- [Exercise data]:
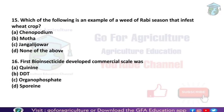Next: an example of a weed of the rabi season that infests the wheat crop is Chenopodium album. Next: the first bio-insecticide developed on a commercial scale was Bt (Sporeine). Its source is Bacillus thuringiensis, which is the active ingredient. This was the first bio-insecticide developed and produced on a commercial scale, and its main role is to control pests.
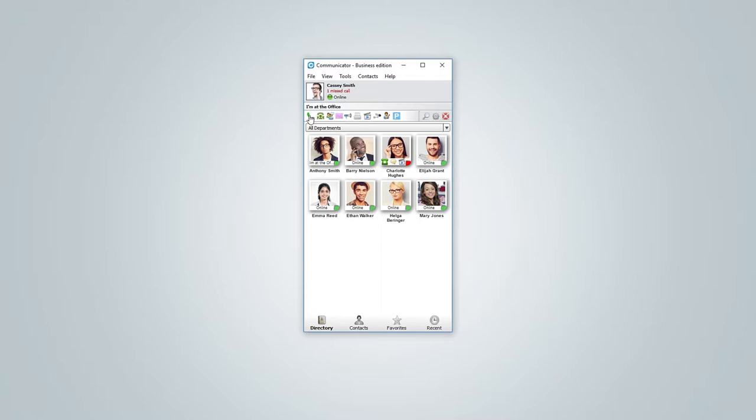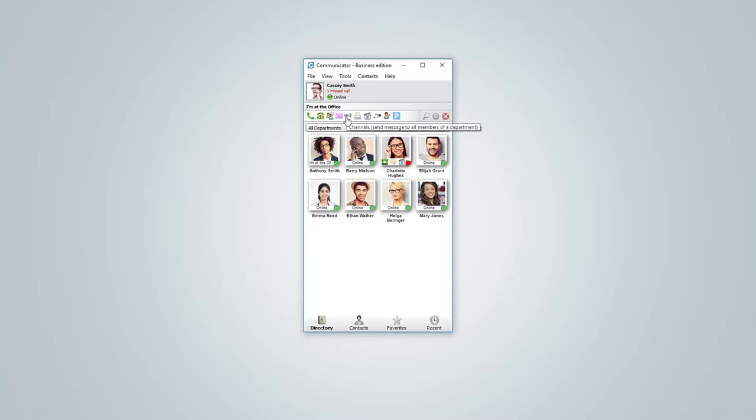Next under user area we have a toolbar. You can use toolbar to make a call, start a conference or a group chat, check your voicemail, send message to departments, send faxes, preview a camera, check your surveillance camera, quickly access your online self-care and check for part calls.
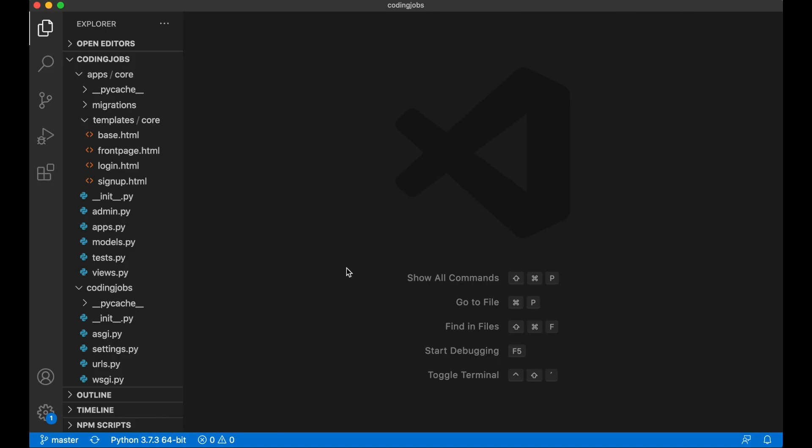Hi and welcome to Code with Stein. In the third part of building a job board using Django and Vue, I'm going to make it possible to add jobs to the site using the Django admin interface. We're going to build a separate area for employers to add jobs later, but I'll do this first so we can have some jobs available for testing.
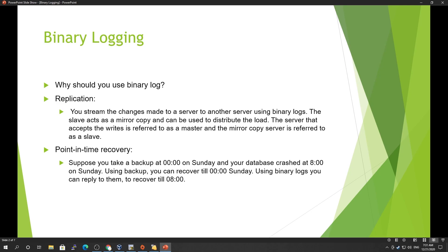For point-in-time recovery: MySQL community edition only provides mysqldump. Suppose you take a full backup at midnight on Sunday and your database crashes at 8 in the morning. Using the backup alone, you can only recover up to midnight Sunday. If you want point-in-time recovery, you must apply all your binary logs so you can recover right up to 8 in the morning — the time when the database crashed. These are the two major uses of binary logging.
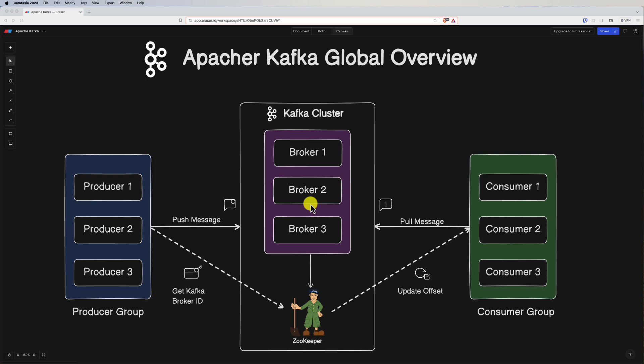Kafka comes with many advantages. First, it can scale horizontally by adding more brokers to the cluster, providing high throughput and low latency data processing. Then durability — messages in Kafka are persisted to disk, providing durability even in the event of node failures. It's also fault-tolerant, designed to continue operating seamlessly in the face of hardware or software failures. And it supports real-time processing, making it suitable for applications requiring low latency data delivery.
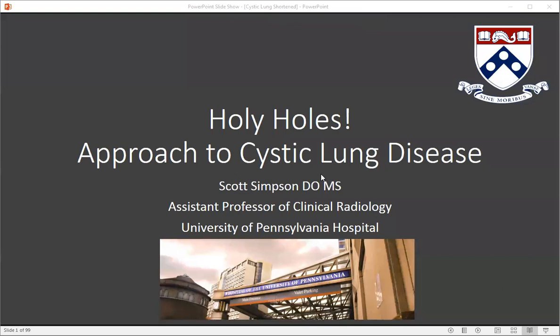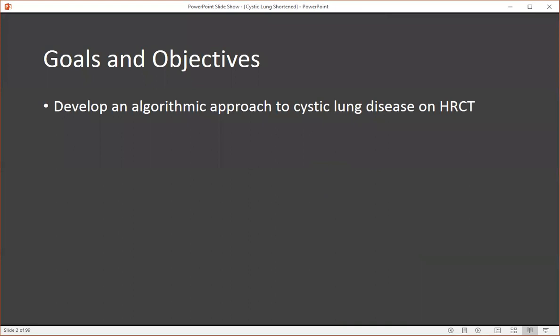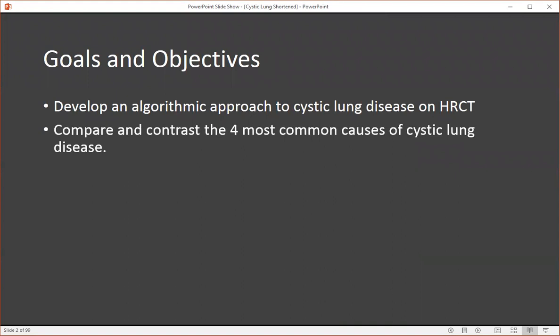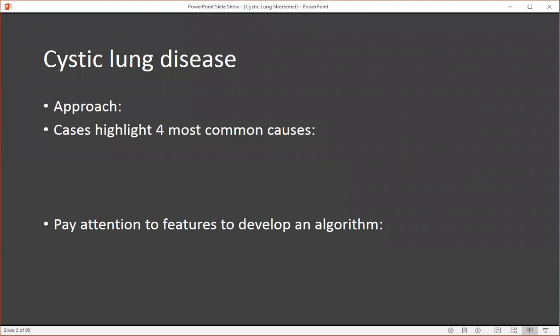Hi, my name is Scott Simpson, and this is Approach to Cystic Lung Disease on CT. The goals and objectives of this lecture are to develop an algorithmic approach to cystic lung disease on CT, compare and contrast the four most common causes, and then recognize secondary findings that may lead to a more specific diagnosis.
--
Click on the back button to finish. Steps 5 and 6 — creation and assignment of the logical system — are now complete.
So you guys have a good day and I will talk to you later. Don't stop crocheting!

- [Exercise details]: Give again the stretch of lines above from the one with "Kafka comes with" through the one with "Hi, my name", both ends kept, and copy no pictures.

- [Reply to the exercise]:
Kafka comes with many advantages. First, it can scale horizontally by adding more brokers to the cluster, providing high throughput and low latency data processing. Then durability — messages in Kafka are persisted to disk, providing durability even in the event of node failures. It's also fault-tolerant, designed to continue operating seamlessly in the face of hardware or software failures. And it supports real-time processing, making it suitable for applications requiring low latency data delivery.
Hi, my name is Scott Simpson, and this is Approach to Cystic Lung Disease on CT. The goals and objectives of this lecture are to develop an algorithmic approach to cystic lung disease on CT, compare and contrast the four most common causes, and then recognize secondary findings that may lead to a more specific diagnosis.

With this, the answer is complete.